A few insights are emerging from my explorations. XGBoost has a handy feature to print a chart of which features are most important in its decision making, and it seems recent price movements are the least important. The most important features seem to be the total change and the volatility over the past 90 days. I guess those are showing the overall trend. I’m not sure I need an ML model for that.

Basic State for RL

For the input to the RL model that I’ll use to ‘supervise’ the xgboost model I’ve gathered a crypto market cap index, SPY, Nasdaq, and a crypto Fear and Greed index which goes back to Feb 2018. The others go back further than that but I might have to use the Feb 18 as the start date. This should be enough to make a start on constructing state for the RL model and generating rewards.

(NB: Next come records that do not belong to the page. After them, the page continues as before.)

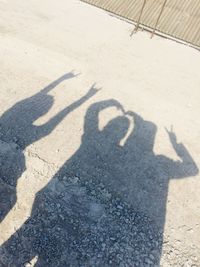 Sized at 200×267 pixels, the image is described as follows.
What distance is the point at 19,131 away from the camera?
1071cm

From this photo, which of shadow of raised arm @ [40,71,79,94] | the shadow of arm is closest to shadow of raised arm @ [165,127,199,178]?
the shadow of arm

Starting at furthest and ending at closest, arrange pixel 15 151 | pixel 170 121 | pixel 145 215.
Answer: pixel 170 121, pixel 15 151, pixel 145 215

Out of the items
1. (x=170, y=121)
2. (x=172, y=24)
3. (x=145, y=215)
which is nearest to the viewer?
(x=145, y=215)

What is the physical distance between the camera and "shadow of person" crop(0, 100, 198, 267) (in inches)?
314

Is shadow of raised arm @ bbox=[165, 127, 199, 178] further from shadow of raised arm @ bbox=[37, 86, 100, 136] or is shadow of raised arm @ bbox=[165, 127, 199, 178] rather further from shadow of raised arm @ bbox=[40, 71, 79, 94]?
shadow of raised arm @ bbox=[40, 71, 79, 94]

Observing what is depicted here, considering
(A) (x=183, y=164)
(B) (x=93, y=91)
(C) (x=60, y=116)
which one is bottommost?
(C) (x=60, y=116)

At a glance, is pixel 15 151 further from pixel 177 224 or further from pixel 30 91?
pixel 177 224

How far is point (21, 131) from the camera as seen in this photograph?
10719mm

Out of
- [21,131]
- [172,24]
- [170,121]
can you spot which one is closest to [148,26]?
[172,24]

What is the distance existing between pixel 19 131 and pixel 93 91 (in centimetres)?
360

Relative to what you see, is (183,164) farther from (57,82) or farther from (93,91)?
(57,82)

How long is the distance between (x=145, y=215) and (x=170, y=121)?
14.7ft

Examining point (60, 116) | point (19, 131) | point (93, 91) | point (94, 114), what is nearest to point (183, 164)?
point (94, 114)

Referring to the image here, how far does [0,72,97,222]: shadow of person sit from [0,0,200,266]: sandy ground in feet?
0.16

My plan at the moment is simply to use the 1 day future return on the cryptomarketcap as the reward. I think I need episodes for the A2C model, so I guess I can just use a set number of days for an episode. I’m using daily data for this, not 6 hourly, which I think will work OK, just have to see. There won’t be any direct interaction between the RL model and the XGBoost model. The process will be that the RL model will predict whether it’s ‘a good time to trade’, i.e. positive return on the current day’s state, or not. If not, then whatever the XGBoost model says about trading ADA specifically will be ignored. If both are in agreement on green to trade, then do so. As the RL model is looking at broader market conditions (SPY, Nasdaq, broad crypto index) then the two models should complement each other, or at least that’s the plan. I think this qualifies as an implementation of meta-labelling, although a very minimal and rough one. Well, the proof is in the pudding, as they say.

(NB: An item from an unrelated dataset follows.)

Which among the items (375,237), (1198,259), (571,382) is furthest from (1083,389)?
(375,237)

Actually, having done a quick review of meta-labelling I’m not sure that what I’m doing does qualify as such. However I did read somewhere some pundit opine that using a deep ML model to ‘critique’ a shallower ML model was a good procedure, and I can certainly make the RL model ‘deeper’ than the XGBoost model, if that actually helps.

Note to Self re Spy

For my RL model I’ve decided to use a crypto total market cap index, excluding BTC and ETH, as my main source of data, and will probably generate rewards based on that. All well and good.

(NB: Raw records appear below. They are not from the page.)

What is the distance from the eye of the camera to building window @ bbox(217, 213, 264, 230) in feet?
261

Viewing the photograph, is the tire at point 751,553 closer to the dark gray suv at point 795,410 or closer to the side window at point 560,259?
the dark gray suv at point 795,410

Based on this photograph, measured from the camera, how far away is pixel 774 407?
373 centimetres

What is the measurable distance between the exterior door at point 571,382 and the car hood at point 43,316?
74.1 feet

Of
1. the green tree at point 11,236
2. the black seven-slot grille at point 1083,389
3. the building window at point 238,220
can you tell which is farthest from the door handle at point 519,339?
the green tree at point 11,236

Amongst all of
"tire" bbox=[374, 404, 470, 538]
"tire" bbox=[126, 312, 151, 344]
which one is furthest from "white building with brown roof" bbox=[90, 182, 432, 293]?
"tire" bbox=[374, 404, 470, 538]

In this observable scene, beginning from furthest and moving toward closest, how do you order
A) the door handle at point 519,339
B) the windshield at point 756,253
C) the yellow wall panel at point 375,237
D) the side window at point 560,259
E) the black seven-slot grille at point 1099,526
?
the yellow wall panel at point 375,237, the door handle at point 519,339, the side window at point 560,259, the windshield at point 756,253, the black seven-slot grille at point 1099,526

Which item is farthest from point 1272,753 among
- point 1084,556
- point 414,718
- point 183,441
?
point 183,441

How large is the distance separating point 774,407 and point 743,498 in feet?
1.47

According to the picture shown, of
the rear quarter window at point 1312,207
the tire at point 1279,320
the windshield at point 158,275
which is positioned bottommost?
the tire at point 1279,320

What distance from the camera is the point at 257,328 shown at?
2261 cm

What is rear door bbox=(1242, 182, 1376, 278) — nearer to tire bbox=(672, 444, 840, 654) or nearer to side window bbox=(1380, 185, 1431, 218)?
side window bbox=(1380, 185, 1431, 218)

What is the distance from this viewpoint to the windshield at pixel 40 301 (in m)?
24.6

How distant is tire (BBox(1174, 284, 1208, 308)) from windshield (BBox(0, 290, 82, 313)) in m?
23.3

So I’m also adding the SPY index, but have problems relating to dates and times. I downloaded data from TradingView, and all the dates have the time portion at 13:30 or maybe 14:30. I’m guessing this is the opening time of the US exchanges (probably NYSE), in UTC time. Also, no Saturday or Sunday prices. I’m sure there’s a proper way to convert the datetime to 00:00:00 hours so that I can concatenate the columns with the cryptocap data but I used a hack. Converting the datetime to just the date (with date() function), saving the dataframe to a CSV file, then loading that back in to a new dataframe, parsing the date column, gave me 2024-08-12 00:00:00 instead of the original 2024-08-12 13:30:00. Also, using the asfreq(‘d’) function on the dataframe filled in the missing weekend days, forward filling with Friday prices. All a bit of a hack but I can’t think of any better way to deal with this issue. Not all data I might want to use for this model will be conveniently in daily format, at UTC time.

XGBoost

After considering what kind of ‘other model’ I could use to provide input to my RL agent, I think now that a supervised learning classification model might be most appropriate, and I’ve head that XGBoost is one of the best. I’m also thinking of using different data for that than the instrument I’m actually trading with the RL algorithm. For example if I’m trading ADA or ETH I could use BTC or a crypto index as the source of data for the other model. All crypto coins are fairly highly correlated, although BTC seems to take the lead most of the time.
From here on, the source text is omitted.